ME: It’s definitely a recurring theme in art around the world right now, the struggle between dying past and modernization.

AMIR: But we can still change the future. That’s why I’m making movies.

ME: How does it feel to be in Thessaloniki?

AMIR: Great. Actually, my family is from Thessaloniki. My grandmother was from here and she left when the big fires started in 1917. She was a teenager and then she married my grandfather and they left Thessaloniki for Israel. She left everything she had. We are still eating the Greek food in the house and listening to the music and everything. So, I’m half Greek. My other side is from Spain. My grandfather used to be a fisherman from Thessaloniki. My grandparents died about three years ago and actually the characters are about them. They were ill.

ME: Was it a long personal journey to make this film?

AMIR: Yes, it took four years since I started writing it. But that’s how it is. It’s a process.

ME: This is your first feature film. Are you already at work on your next?

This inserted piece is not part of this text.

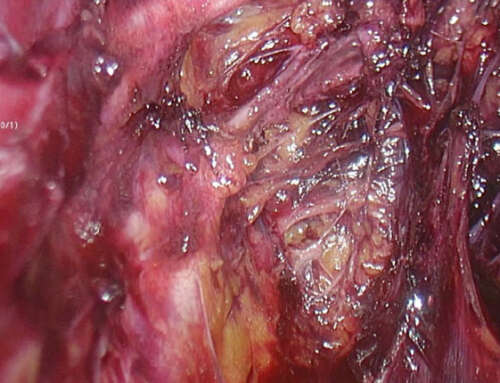 Laparoscopic nerve sparing radical hysterectomy without uterine manipulator in persistent cervical cancer after chemoradiation: Video Article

AMIR: Yes, I already got development money. I don’t have a producer yet but I got money from the Israeli film fund and money from France and I’m moving to Paris for three months to write it. I’ll be living there for three months from December to write the script.


Interview by Vanessa McMahon

‘Epilogue’ summary: “The requiem of a common journey composed by the heroes themselves: Hayuta and Berl, an Israeli elderly couple, the last of the Romantics, fail to adjust to the modern age. They live in a small appartment, surrounded by memorabilia – the remains of a lifetime. They stand for a generation of intellectuals who dreamed of better days. The society they live in will soon collapse – and so will their aging bodies. Alienated and miserable, they feel detached from an ever-changing world. A touching portrait of an era, filmed in a delicate fashion, demonstrating excellence in the use of the language of the medium. The couple’s journey towards the end brings to the fore virtues and morals undermined by rapid social changes.” Anonymous.

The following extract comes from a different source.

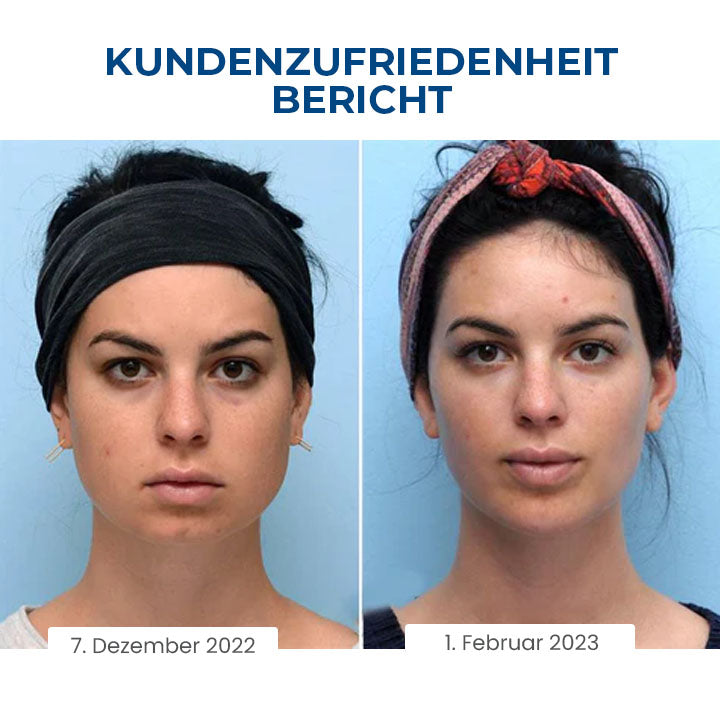 Oveallgo™ SchlafSchönheit Set [Gesichtsformer + Serum zur Straffung der Halshaut ohne Kropf]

Filmography Selected 2006 Pouring Sun (short) 2007 Reds (short) 2008 Ruin (short) 2008 Lands (short) 2012 Epilogue

Biography A director and scriptwriter, he grewup in Rishon Lezion, Israel. At the age of 18 he got involved in “Ha Noar Haoved Ve Halomed,” a socialist youth movement. At 25 he left the movement and moved to Jerusalem, where he worked as a social-financial journalist at Kol Ha’ir magazine. Later on he worked at Tel Aviv’s Ha’ir magazine. Two years later he joined the TV program “Uvda” (the Israeli equivalent of “60 Minutes”) as a journalist and worked for Ma’ariv– one of the largest daily newspapers in Israel. He is a graduate of the Film & Television Department at Tel Aviv University. His first short film, Reds, won the first prize for Best Drama at the Jerusalem Film Festival 2007. Epilogue is his first feature film.